Exercise brief: Write again exactly the lines in the listing below, starting at the line with "Klassieke sciencefictionastronauten in" and ending at the line with "CRAFTSMAN V20 BRUSHLESS", both included. Pictures are not copied.

Data under study:

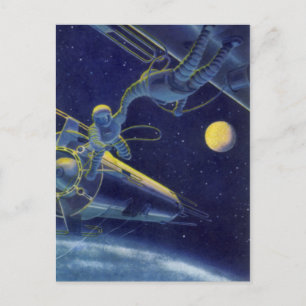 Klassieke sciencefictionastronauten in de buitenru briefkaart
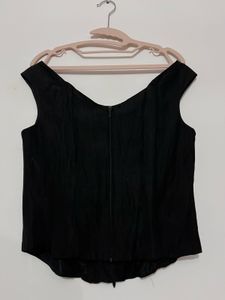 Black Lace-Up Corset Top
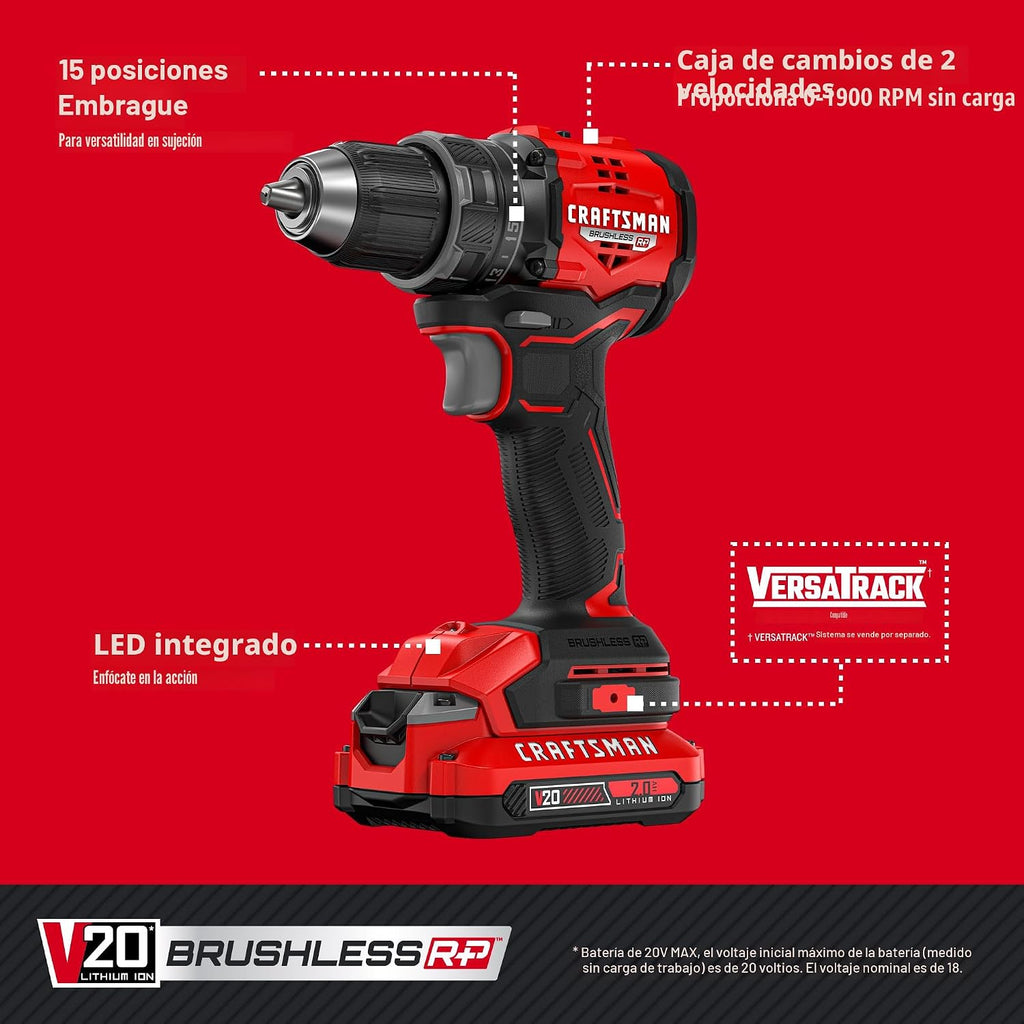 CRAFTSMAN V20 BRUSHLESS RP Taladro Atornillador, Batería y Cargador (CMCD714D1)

...

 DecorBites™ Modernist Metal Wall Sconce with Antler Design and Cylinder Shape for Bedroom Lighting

Your response:
 Klassieke sciencefictionastronauten in de buitenru briefkaart
 Black Lace-Up Corset Top
 CRAFTSMAN V20 BRUSHLESS RP Taladro Atornillador, Batería y Cargador (CMCD714D1)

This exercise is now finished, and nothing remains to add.